SOURCE DATA START
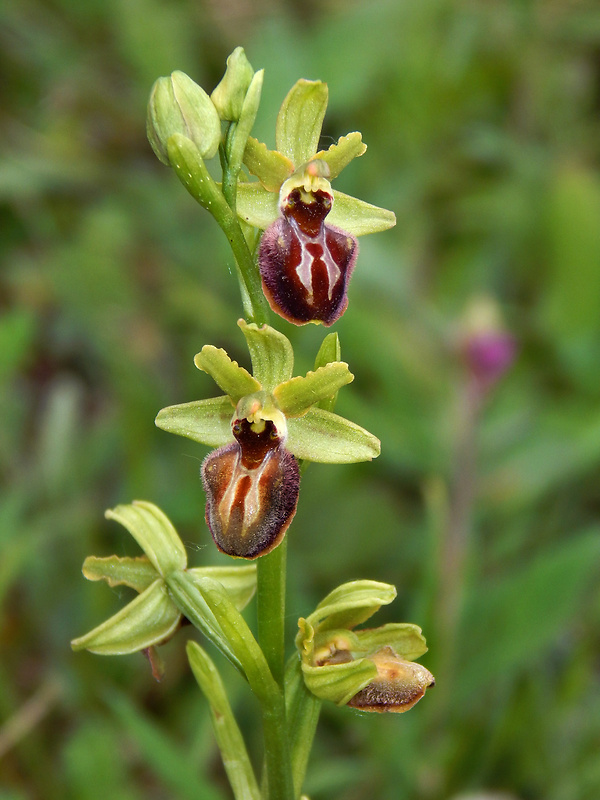 hmyzovník pavúkovitý Ophrys sphegodes Mill.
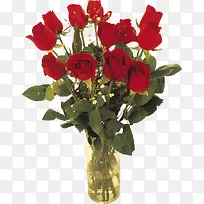 ps»¨»ÜËØ²ÄÖ²Îﻨ»ÜËØ²Ä-¿ÕÈôÍø ps»¨»ÜËØ²ÄÖ²Îﻨ»ÜËØ²Ä-¿ÕÈôÍø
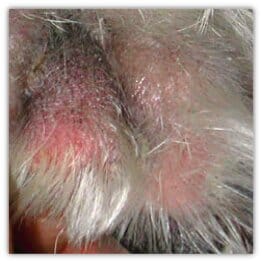 FIGURE 3 Greasy erythematous exudation and hyperpigmentation in the interdigital region of a dog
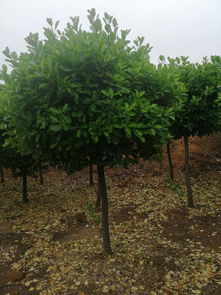 黄杨树苗的种植天堂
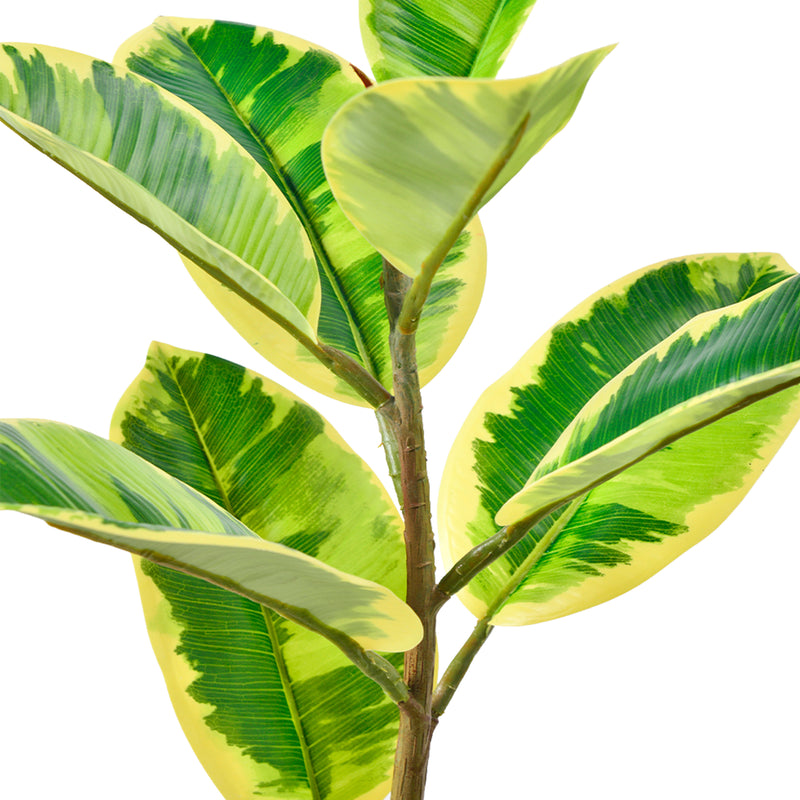 Cargue la imagen en el visor de la galería, Planta Decorativa Artificial para Exterior y Interior con 2m Alto, RUBBER TREE YELLOW - RUBBER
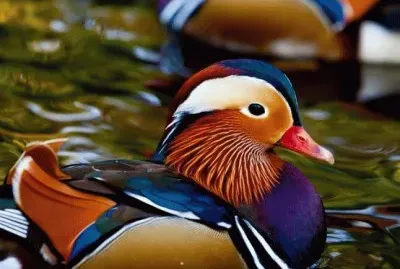 Mandarin Ducks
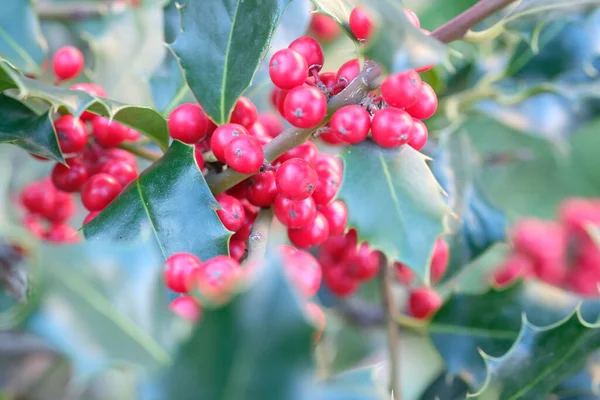 Close View Heavenly Bamboo Nandina Plant Bunches Vivid Red Berries — Stock Photo, Image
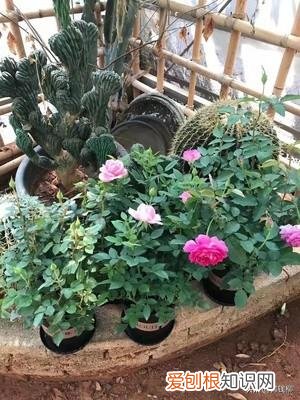 阳台可以种玫瑰花吗，阳台花卉玫瑰种植的基础知识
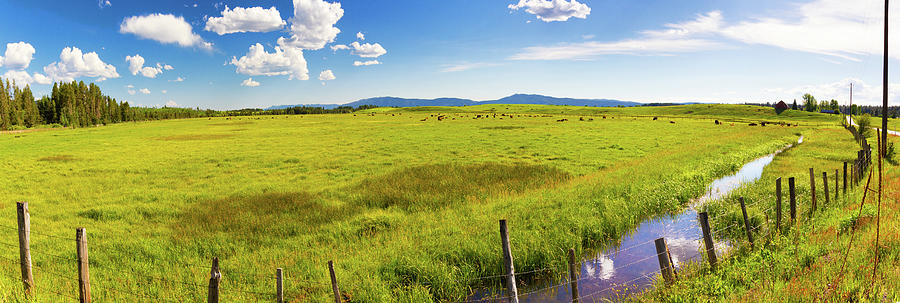 Panorama Of Fields And Cattle Outside Photograph by Anna Gorin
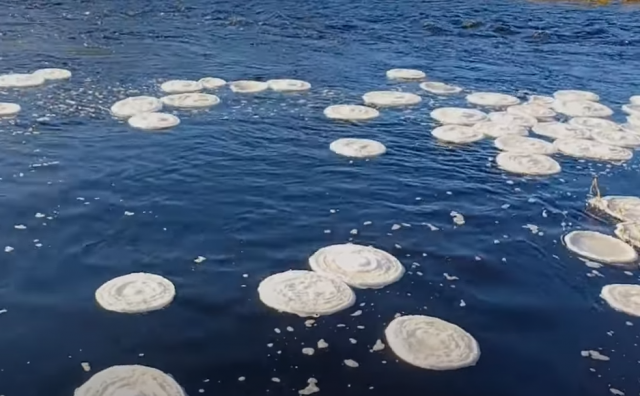 palacinki mraz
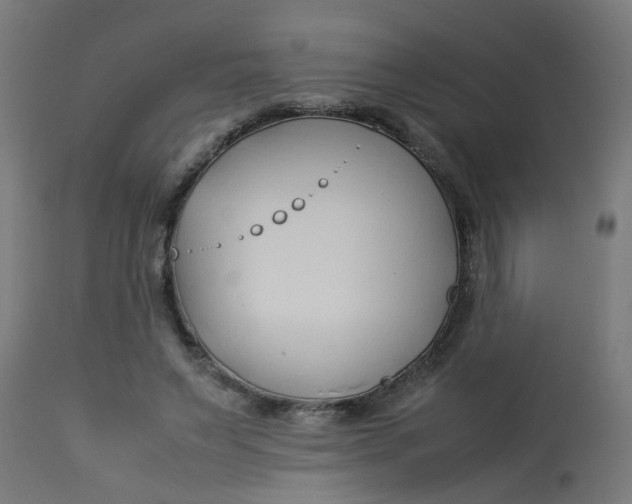 X0000113210495200910081321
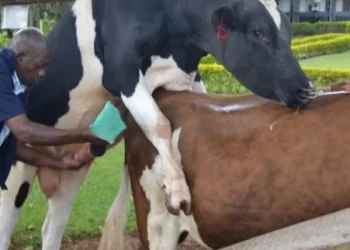 Veterinary Council Enforce Registration Fees as Crackdown Looms on Unlicensed Vets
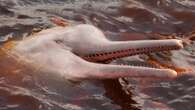 Male Amazon river dolphins pee into the air, confusing scientists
SOURCE DATA END
Starting at the line that contains "Close View Heavenly", transcribe every line through the end of the listing exactly, including both end lines and excluding pictures.

 Close View Heavenly Bamboo Nandina Plant Bunches Vivid Red Berries — Stock Photo, Image
 阳台可以种玫瑰花吗，阳台花卉玫瑰种植的基础知识
 Panorama Of Fields And Cattle Outside Photograph by Anna Gorin
 palacinki mraz
 X0000113210495200910081321
 Veterinary Council Enforce Registration Fees as Crackdown Looms on Unlicensed Vets
 Male Amazon river dolphins pee into the air, confusing scientists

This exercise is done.